> Data in this exercise
▶

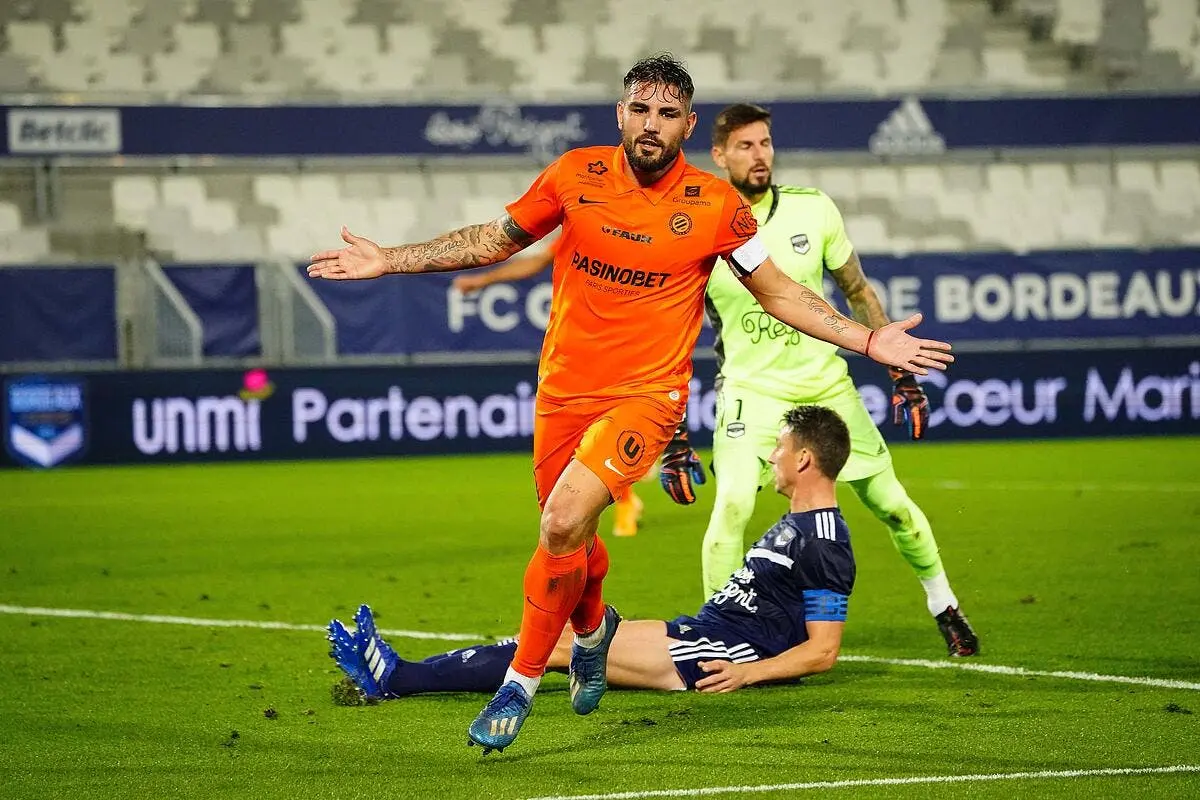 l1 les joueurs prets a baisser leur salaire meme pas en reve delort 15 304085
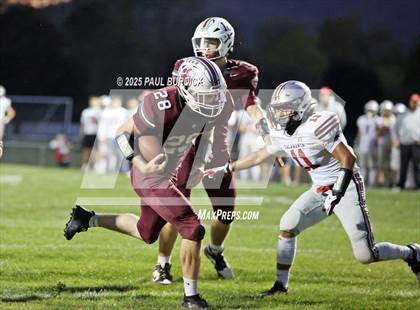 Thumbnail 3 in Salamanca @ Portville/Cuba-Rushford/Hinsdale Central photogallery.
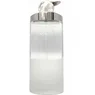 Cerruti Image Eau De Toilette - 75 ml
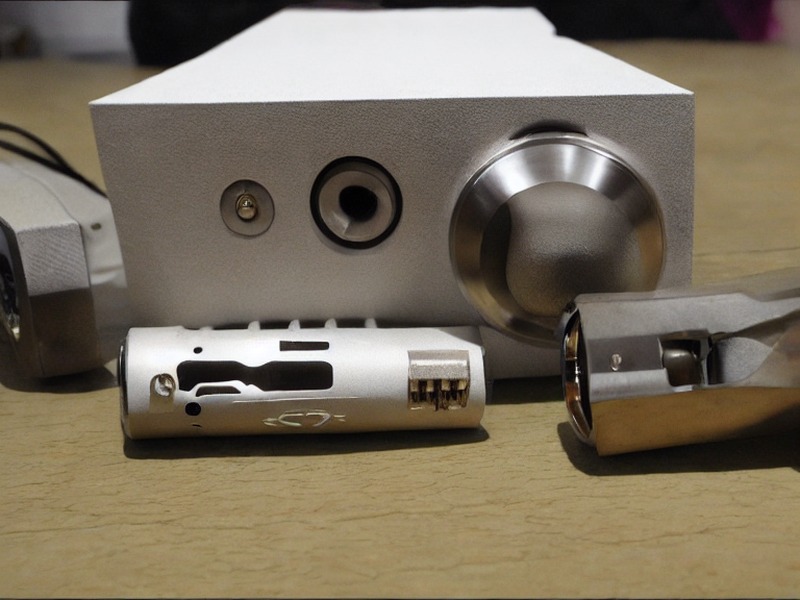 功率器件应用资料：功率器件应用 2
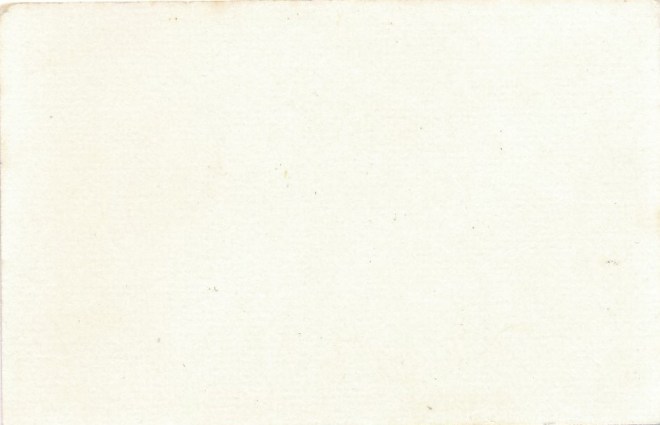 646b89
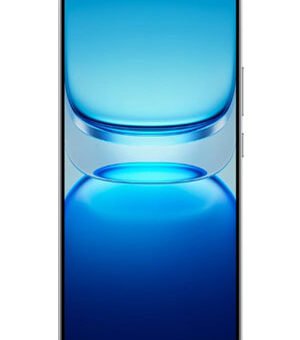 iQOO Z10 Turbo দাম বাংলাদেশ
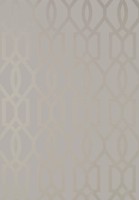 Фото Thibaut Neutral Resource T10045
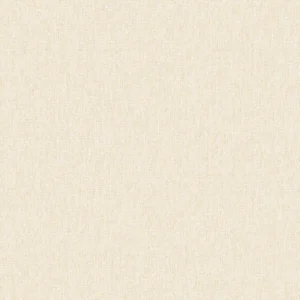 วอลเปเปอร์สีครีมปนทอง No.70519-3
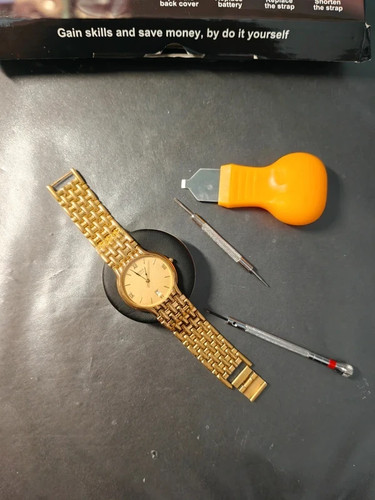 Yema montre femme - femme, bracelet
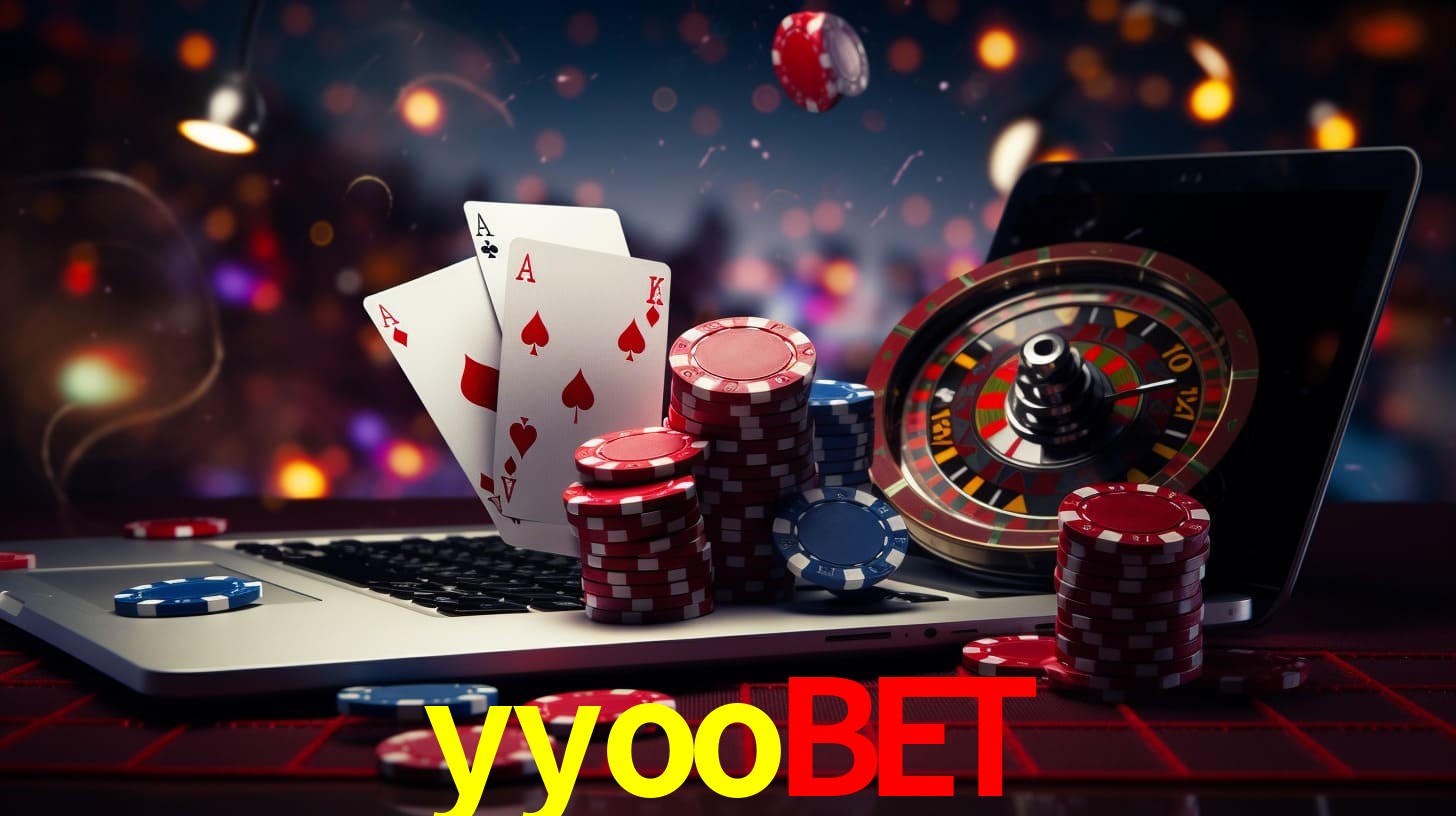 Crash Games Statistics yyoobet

◀
▶

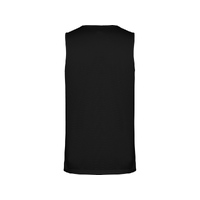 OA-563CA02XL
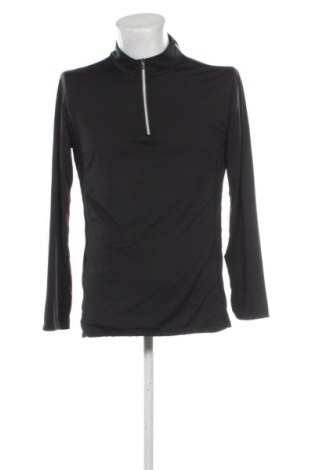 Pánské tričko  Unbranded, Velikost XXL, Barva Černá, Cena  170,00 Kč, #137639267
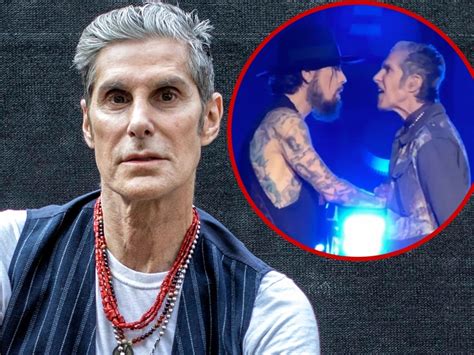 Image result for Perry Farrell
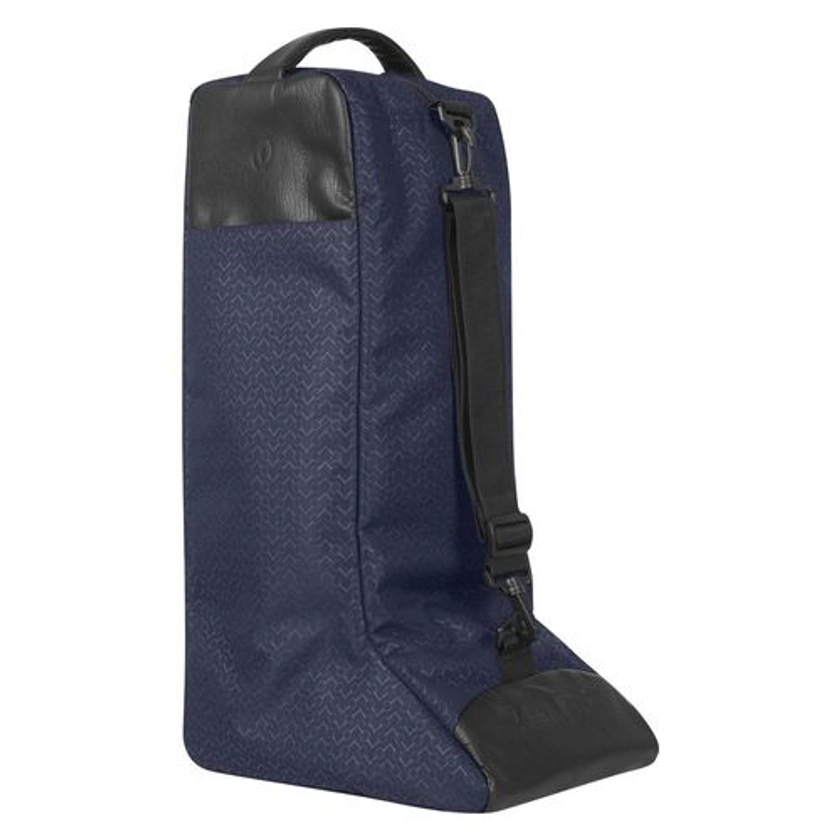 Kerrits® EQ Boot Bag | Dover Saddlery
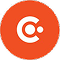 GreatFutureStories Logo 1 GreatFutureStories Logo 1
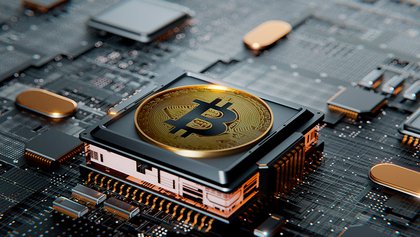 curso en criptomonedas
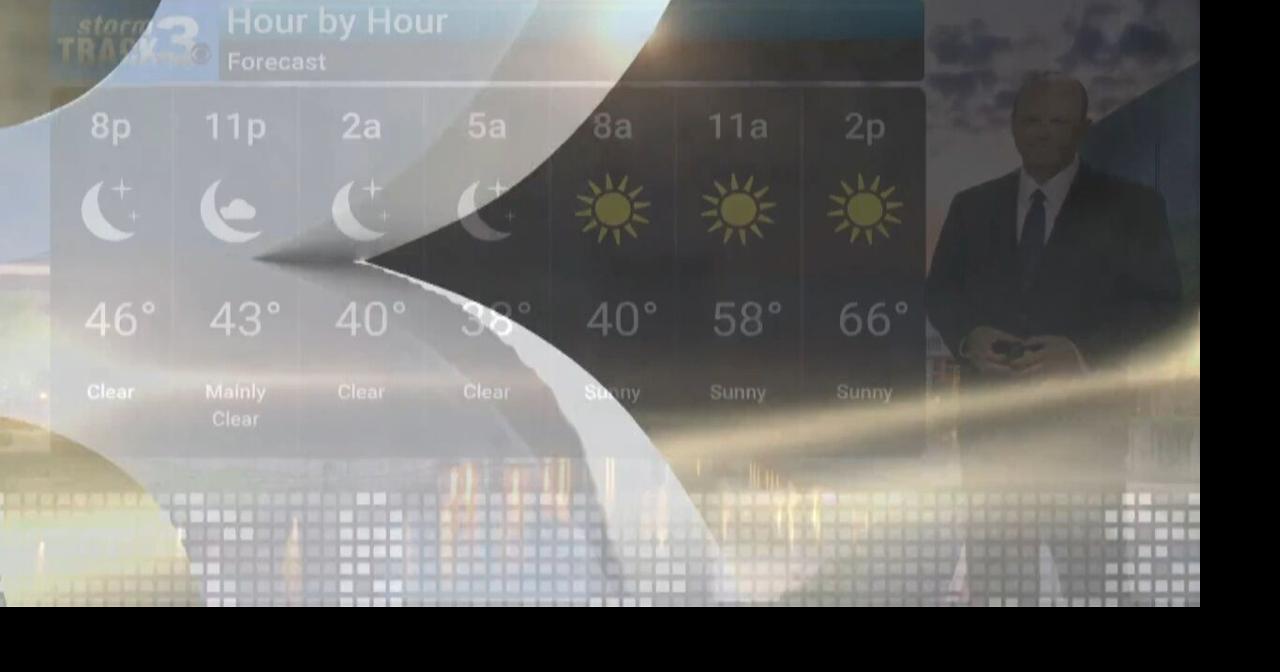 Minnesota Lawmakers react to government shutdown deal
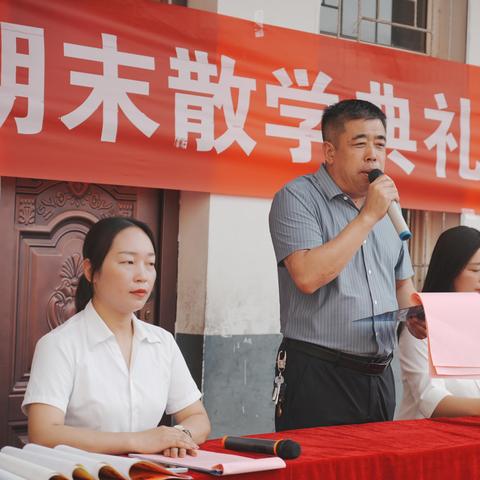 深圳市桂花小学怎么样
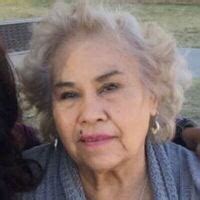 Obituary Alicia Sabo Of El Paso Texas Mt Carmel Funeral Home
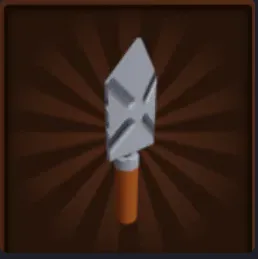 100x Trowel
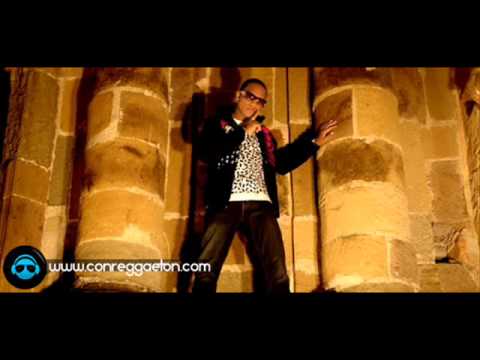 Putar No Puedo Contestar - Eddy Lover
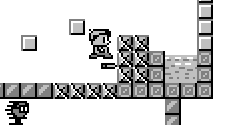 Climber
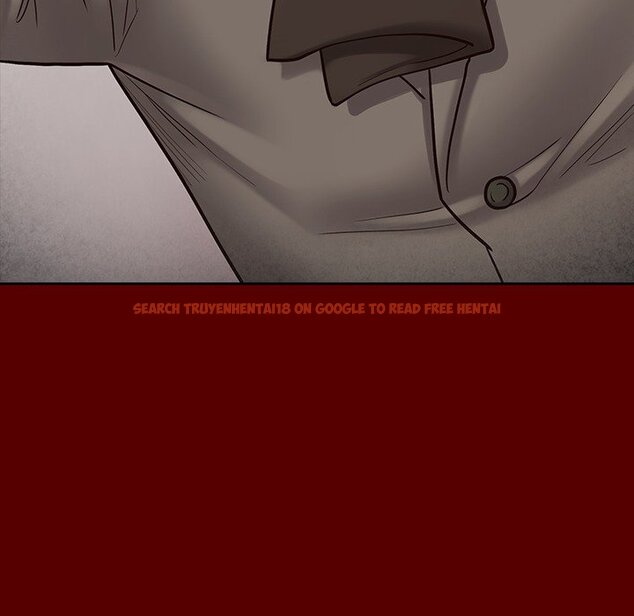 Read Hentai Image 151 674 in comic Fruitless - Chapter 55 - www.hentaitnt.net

◀
▶

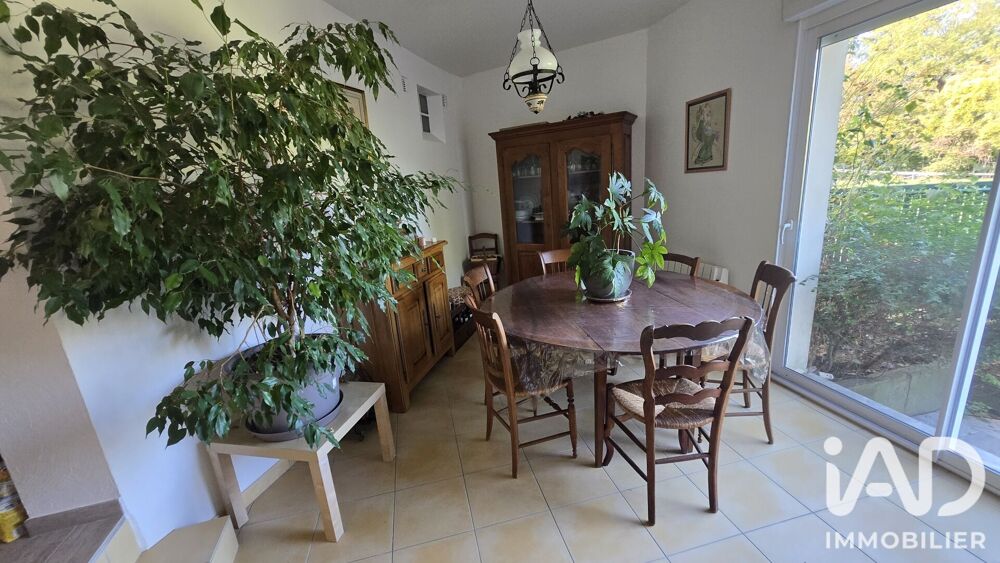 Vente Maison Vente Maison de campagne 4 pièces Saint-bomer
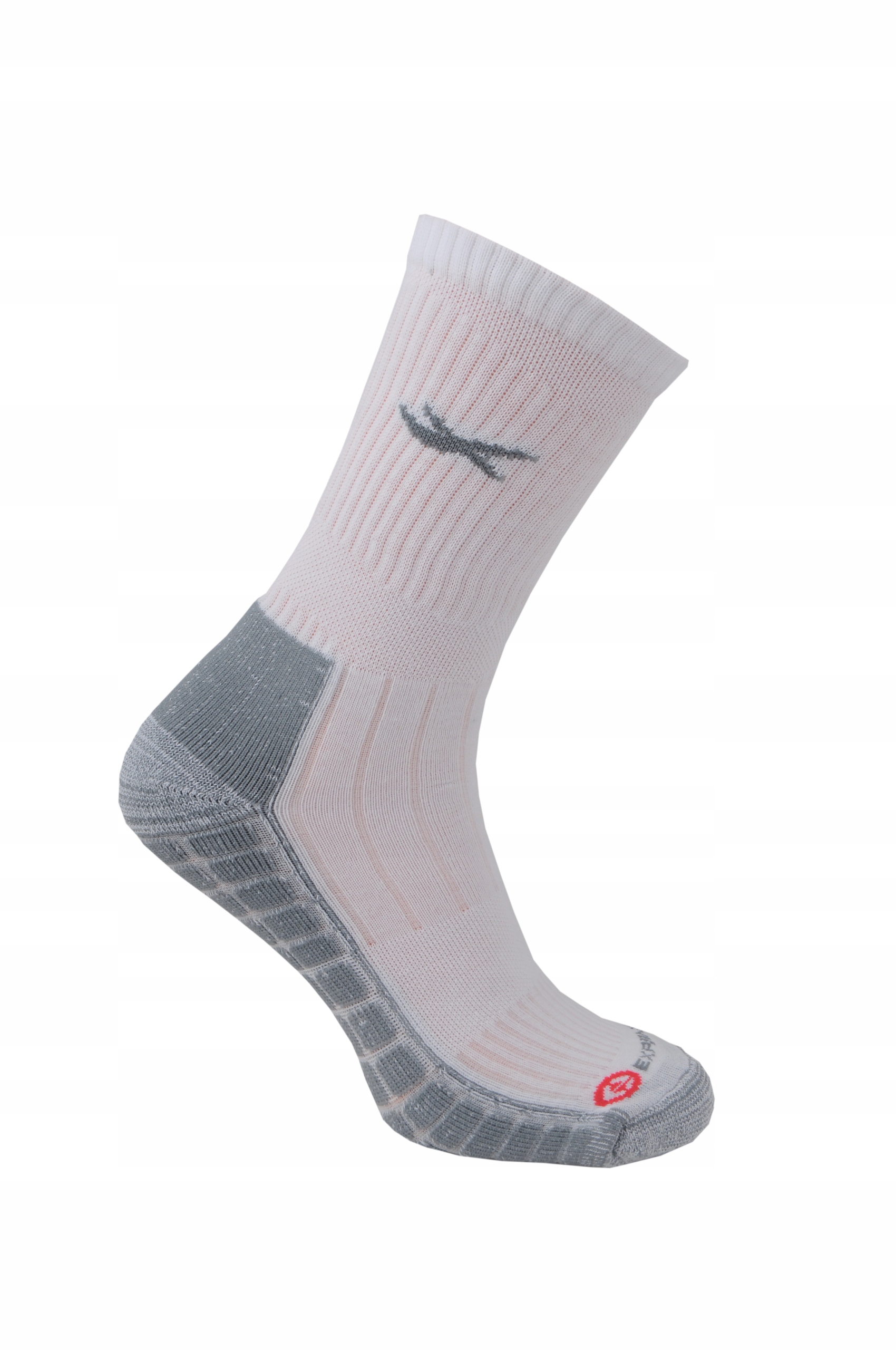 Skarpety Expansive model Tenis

◀

> What is expected
Among the lines above, the one with "iQOO Z10 Turbo দাম বাংলাদেশ" opens the part to repeat and the one with "Crash Games Statistics yyoobet" closes it; repeat only that part exactly, with no pictures.

> Result for this exercise
 iQOO Z10 Turbo দাম বাংলাদেশ
 Фото Thibaut Neutral Resource T10045
 วอลเปเปอร์สีครีมปนทอง No.70519-3
 Yema montre femme - femme, bracelet
 Crash Games Statistics yyoobet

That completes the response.